Nel luglio del 1936 scoppiò l’insurrezione franchista, Gerda e Bob si recarono in Spagna. Avevano due macchine fotografiche una Rolleiflex e una Leica, entrambi usavano entrambe, fotografavano la folla, il fermento, le barricate, le milizie, il fronte. Entrambi firmavano indifferentemente le proprie fotografie “CAPA”.
Ritornarono a Parigi e poi diverse volte in Spagna. Il sodalizio professionale e sentimentale era intenso e proficuo. Erano una coppia, ma Gerda rifiutò ripetutamente di sposare Andrè. Voleva “rimanere un essere libero. La sua compagna, pari in ogni campo, compreso l’amore: non sua moglie”.
Nel Luglio del 1937 i Capa erano ancora in Spagna a documentare la guerra. Andrè doveva rientrare a Parigi per trattare con alcune agenzie e cercare finanziatori per un viaggio in Cina. Gerda rimase a Madrid. Si lasciarono con l’intesa di ritrovarsi a Parigi dopo una decina di giorni. Non si videro più.
Se una foto non è buona non eri abbastanza vicino”. (Robert Capa)
In quei giorni di assenza di Robert Gerda realizzò il suo più importante reportage sulla battaglia di Brunete e fu proprio di ritorno da quel fronte che la giovane fotoreporter perse la vita, era stata troppo vicina. Aveva lavorato intensamente, incurante del pericolo, dopo ore passate in un buco a fotografare aveva terminato i rullini, così aveva trovato un passaggio per rientrare a Madrid viaggiando aggrappata al predellino di un’auto colma di feriti.

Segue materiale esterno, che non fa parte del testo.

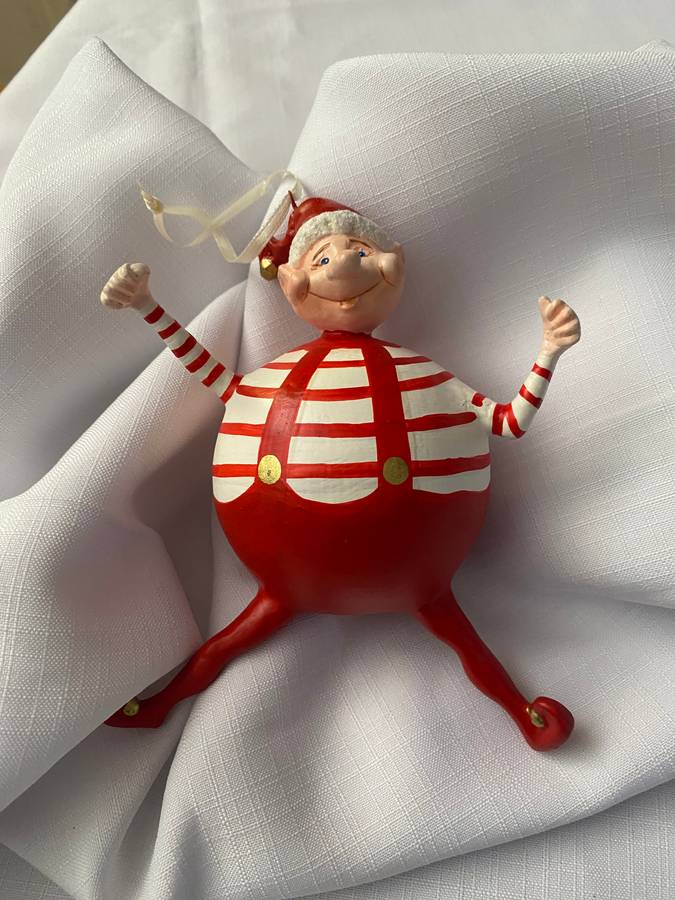 CHRISTMAS FAT GNOME HANGING ORNAMENT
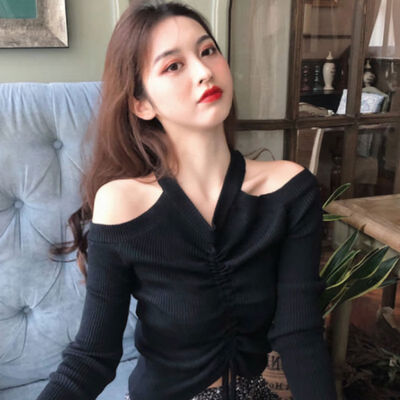 

Womens Clothing halter off shoulder Drawstring Lace Up Pleated long sleeve new solid spring Fashion Knitting thin women sweater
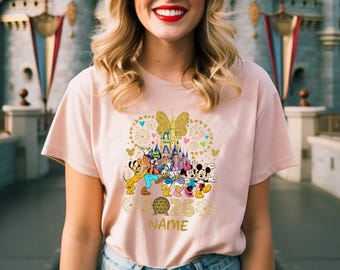 Gold Mickey Minnie Castle Fireworks 2026 Trip Tee, Custom Name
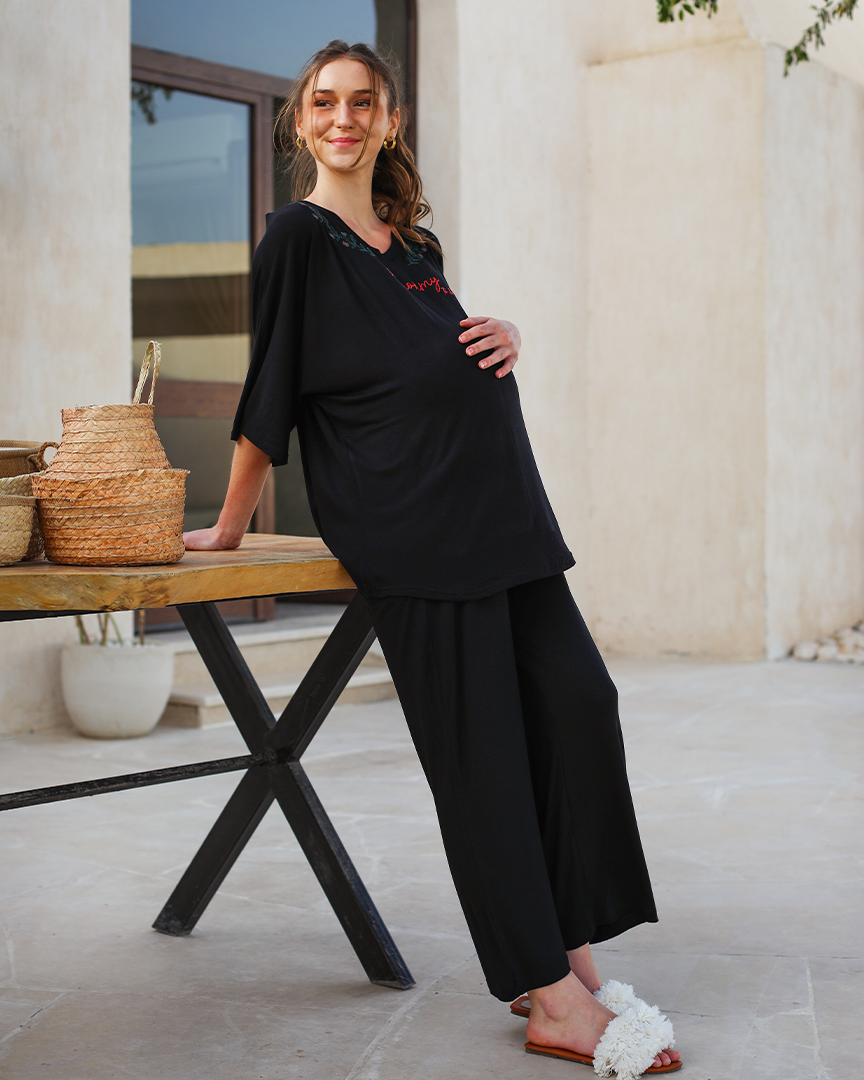 Pyjama de maternité pour femme la plus mignonne pour être suivi d'un pantalon en viscose lycra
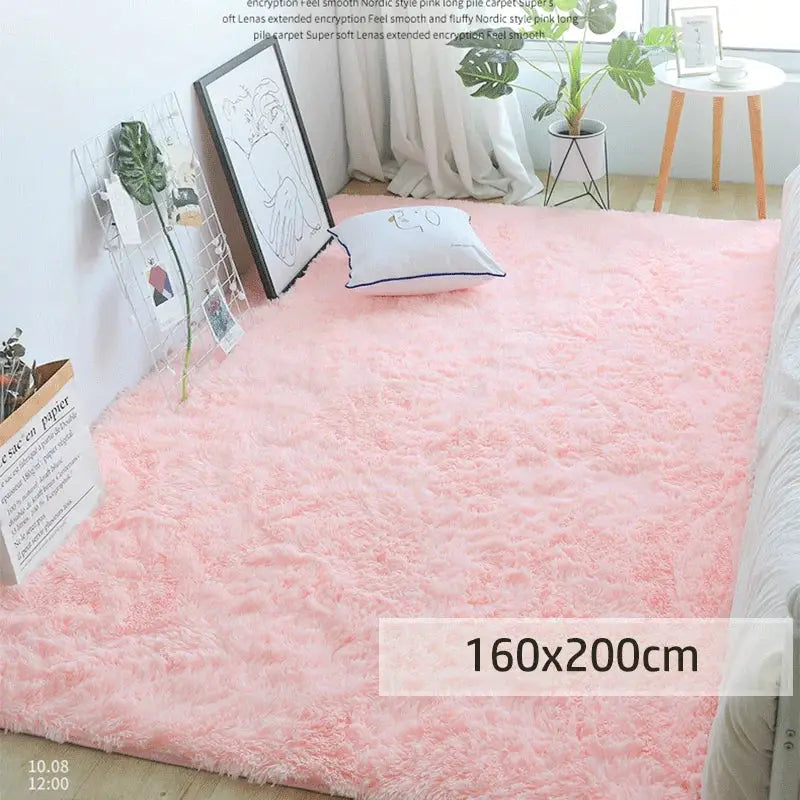Kids pink plush rug 160x200 cm, soft fluffy carpet for bedroom or living room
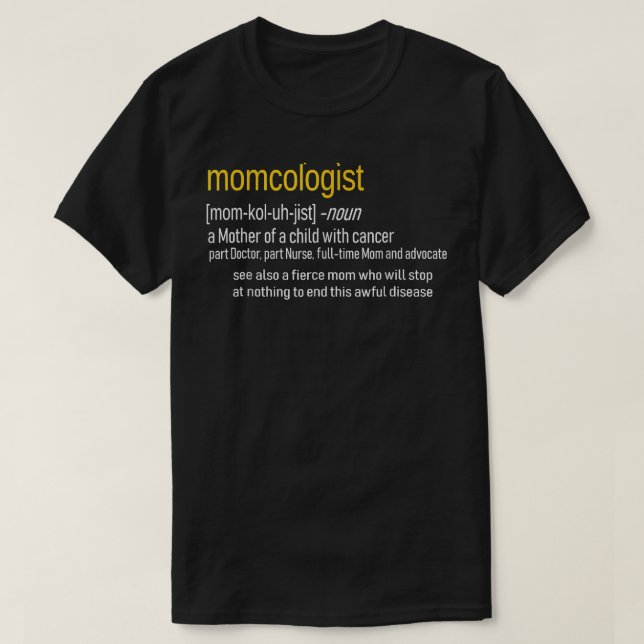 T-shirt Sensibilisation au cancer chez l'enfant MOMCOLOGUE (Design devant)
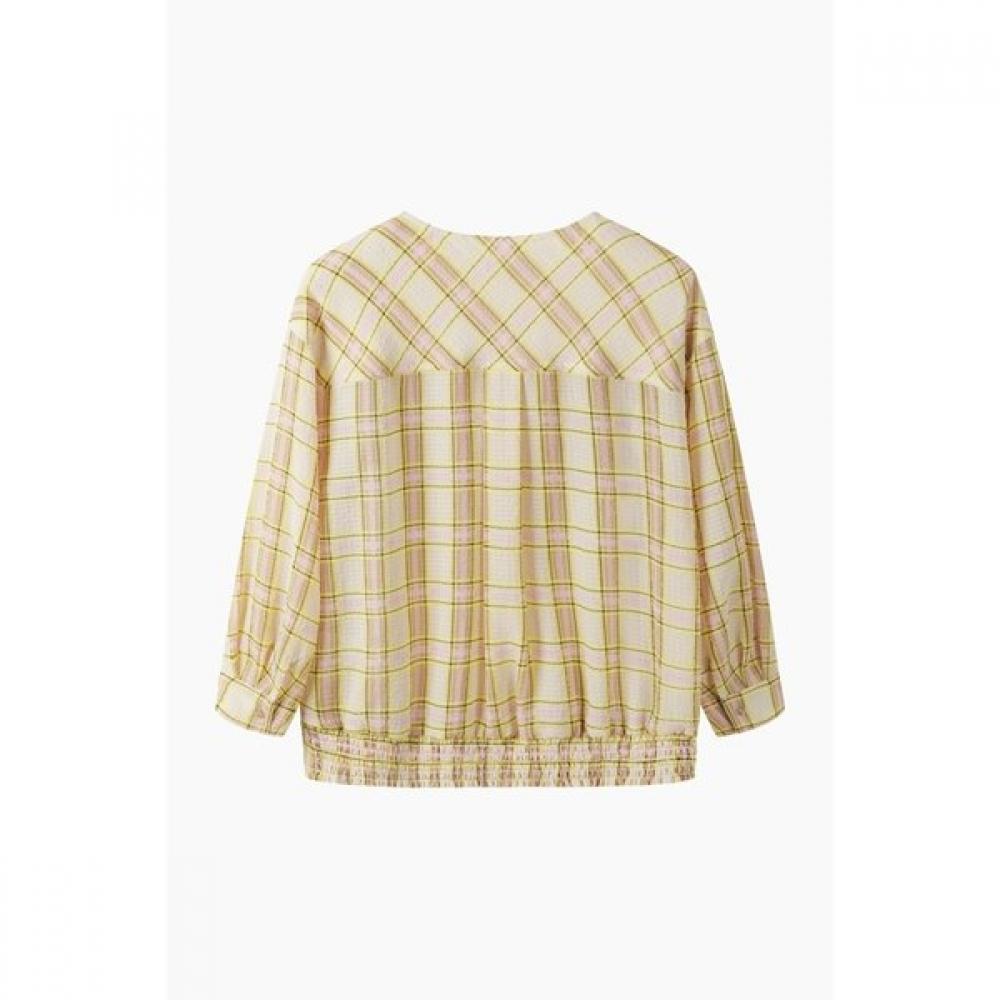 Benetton Smoking Hem Check Sheer Blouse Babl96631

Inaspettatamente aerei tedeschi attaccarono il convoglio. Un carro armato “amico” perse il controllo e investì l’auto a cui era attaccata Gerda che cadde rimanendo schiacciata sotto i cingoli.

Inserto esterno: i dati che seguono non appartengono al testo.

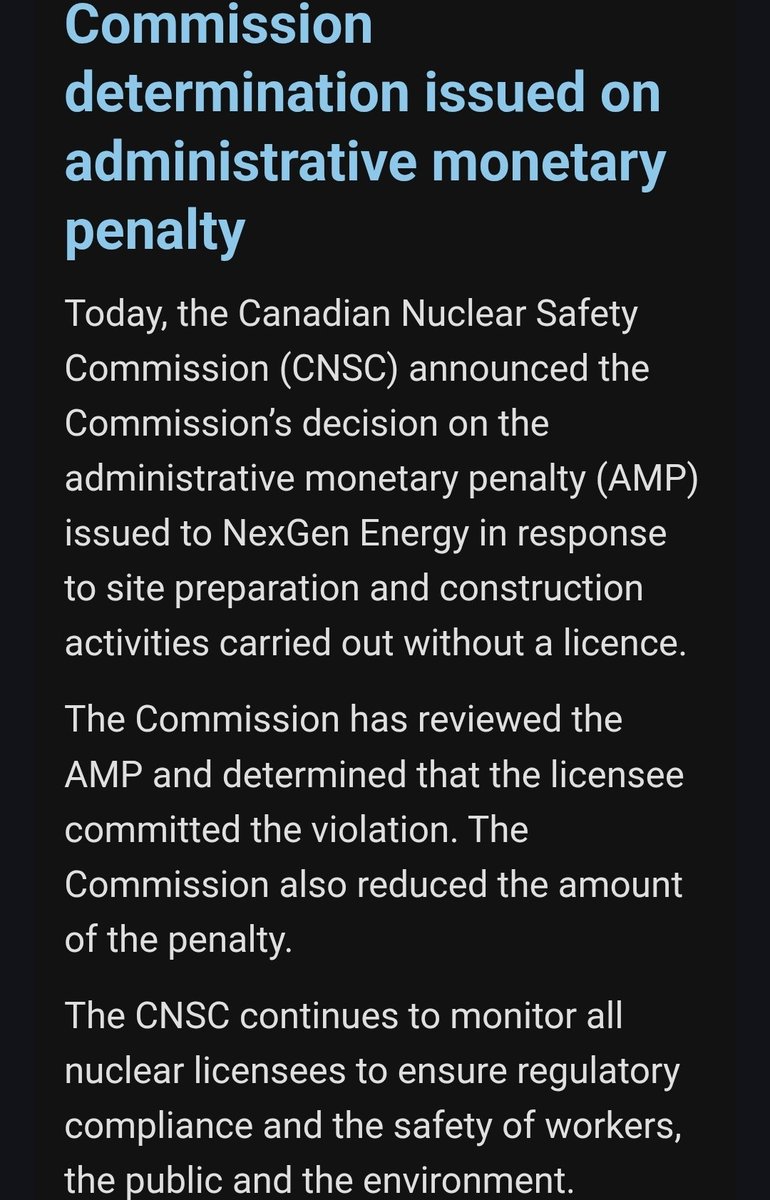 TheBoarWild's tweet image. $NXE to pay administrative fine for site preparation without license. Good Job 👍 Leigh 😆!! #uranium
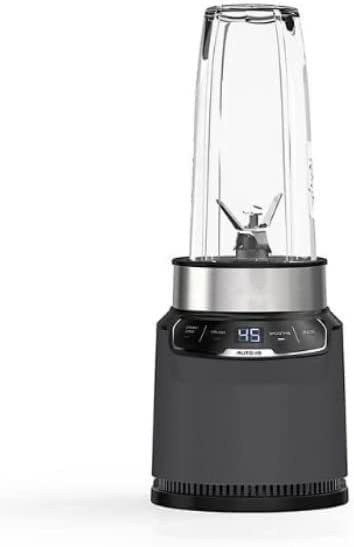 Ninja BN401-A Nutri Pro Compact Personal Blender, Auto-iQ Technology, 1100-Peak-Watts, for Frozen Drinks, Smoothies, Sauces & More, with (2) 32-oz. To-Go Cups & Spout Lids, Gray (2) 32-oz. To-Go Cups, Dark Gray)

“Avete messo al sicuro le mie macchine? Sono nuove” Chiedeva. Raccontarono che “Durante tutto il trasporto, con le mani sulla pancia, tenne premute le sue stesse viscere”. Si mostrò incredibilmente forte e coraggiosa, ma era ferita molto gravemente. Fu sottoposta a trasfusione e operata. Il medico che l’aveva in cura raccomandò di non farle mancare la morfina per renderle più sopportabili quelle ore. Le ultime. All’alba del 26 Luglio chiuse gli occhi. Per sempre. Ecco dunque chi era Gerda Taro, una giovane donna bella, affascinante, talentuosa e libera che è stata, sia pur brevemente, l’altra metà del grande artista e fotografo celato dallo pseudonimo Robert Capa e poi troppo a lungo fu dimenticata. Più volte Robert Capa raccontò che all’alba di quel 26 luglio 1937 era morto anche lui.